* [Raw data]
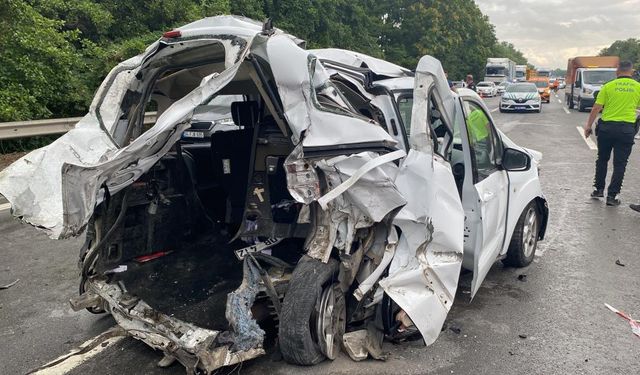 TEM Otoyolu'nda dehşet! Minibüs hafif ticari araca çarptı: 2 ölü, 4 yaralı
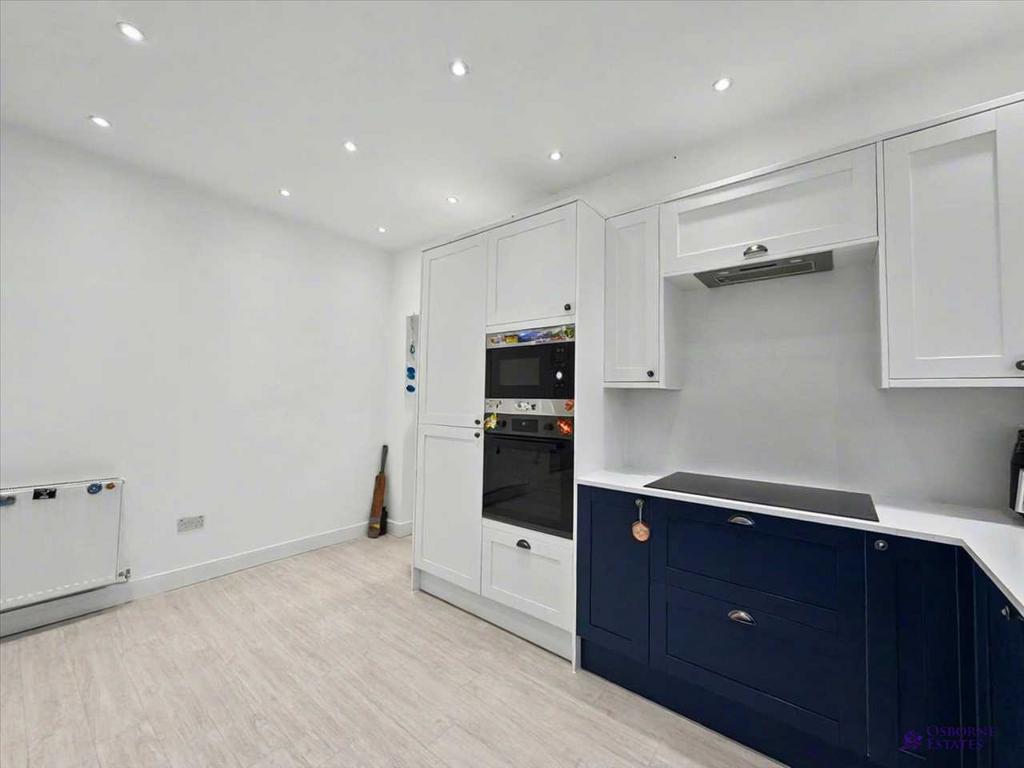 Kitchen/Breakfast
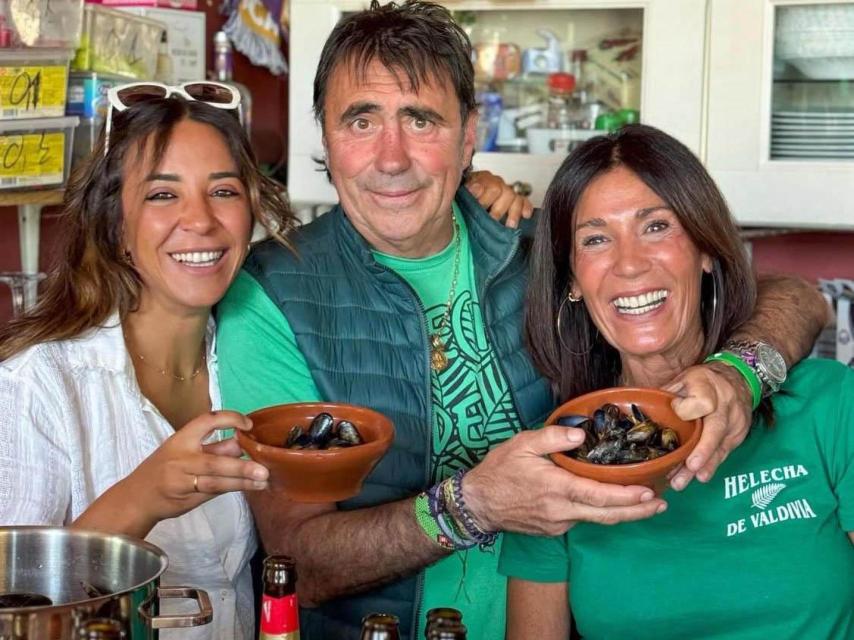 Avelino junto a socias de la asociación.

* [Work order]
Only the lines from the one with "Kitchen/Breakfast" to the end of the listing, both ends included, should be retyped exactly; no pictures belong in the copy.

* [Answer area]
 Kitchen/Breakfast
 Avelino junto a socias de la asociación.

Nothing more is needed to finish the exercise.